RandomGridShuffle

Targets:

image

mask

bboxes

keypoints

volume

mask3d

Image Types:uint8, float32

Randomly shuffles the grid's cells on an image, mask, or keypoints, effectively rearranging patches within the image. This transformation divides the image into a grid and then permutes these grid cells based on a random mapping.

Arguments

grid

tuple[int, int]

[3,3]

Size of the grid for splitting the image into cells. Each cell is shuffled randomly. For example, (3, 3) will divide the image into a 3x3 grid, resulting in 9 cells to be shuffled. Default: (3, 3)

p

float

0.5

Probability that the transform will be applied.

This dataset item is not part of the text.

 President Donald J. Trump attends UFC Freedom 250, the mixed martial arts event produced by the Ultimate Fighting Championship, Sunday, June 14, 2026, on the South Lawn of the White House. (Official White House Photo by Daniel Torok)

Should be in the range [0, 1]. Default: 0.5

Examples

>>> import numpy as np
>>> import albumentations as A
>>> # Prepare sample data
>>> image = np.random.randint(0, 256, (100, 100, 3), dtype=np.uint8)
>>> mask = np.random.randint(0, 2, (100, 100), dtype=np.uint8)
>>> bboxes = np.array([[10, 10, 50, 50], [40, 40, 80, 80]], dtype=np.float32)
>>> bbox_labels = [1, 2]
>>> keypoints = np.array([[20, 30], [60, 70]], dtype=np.float32)
>>> keypoint_labels = [0, 1]
>>>
>>> # Define transform with grid as a tuple
>>> transform = A.Compose([
...     A.RandomGridShuffle(grid=(3, 3), p=1.0),
... ], bbox_params=A.BboxParams(coord_format='pascal_voc', label_fields=['bbox_labels']),
...    keypoint_params=A.KeypointParams(coord_format='xy', label_fields=['keypoint_labels']))
>>>
>>> # Apply the transform
>>> transformed = transform(
...     image=image,
...     mask=mask,
...     bboxes=bboxes,
...     bbox_labels=bbox_labels,
...     keypoints=keypoints,
...     keypoint_labels=keypoint_labels
... )
>>>
>>> # Get the transformed data
>>> transformed_image = transformed['image']     # Grid-shuffled image
>>> transformed_mask = transformed['mask']       # Grid-shuffled mask
>>> transformed_bboxes = transformed['bboxes']   # Grid-shuffled bounding boxes
>>> transformed_keypoints = transformed['keypoints']  # Grid-shuffled keypoints
>>>
>>> # Visualization example with a simpler grid
>>> simple_image = np.array([
...     [1, 1, 1, 2, 2, 2],
...     [1, 1, 1, 2, 2, 2],
...     [1, 1, 1, 2, 2, 2],
...     [3, 3, 3, 4, 4, 4],
...     [3, 3, 3, 4, 4, 4],
...     [3, 3, 3, 4, 4, 4]
... ])
>>> simple_transform = A.RandomGridShuffle(grid=(2, 2), p=1.0)
>>> simple_result = simple_transform(image=simple_image)
>>> simple_transformed = simple_result['image']
>>> # The result could look like:
>>> # array([[4, 4, 4, 2, 2, 2],
>>> #        [4, 4, 4, 2, 2, 2],
>>> #        [4, 4, 4, 2, 2, 2],
>>> #        [3, 3, 3, 1, 1, 1],
>>> #        [3, 3, 3, 1, 1, 1],
>>> #        [3, 3, 3, 1, 1, 1]])

Notes

This transform maintains consistency across all targets. If applied to an image and its corresponding mask or keypoints, the same shuffling will be applied to all.
The number of cells in the grid should be at least 2 (i.e., grid should be at least (1, 2), (2, 1), or (2, 2)) for the transform to have any effect.
Keypoints are moved along with their corresponding grid cell.
This transform could be useful when only micro features are important for the model, and memorizing the global structure could be harmful. For example:
- Identifying the type of cell phone used to take a picture based on micro artifacts generated by phone post-processing algorithms, rather than the semantic features of the photo. See more at https://ieeexplore.ieee.org/abstract/document/8622031
- Identifying stress, glucose, hydration levels based on skin images.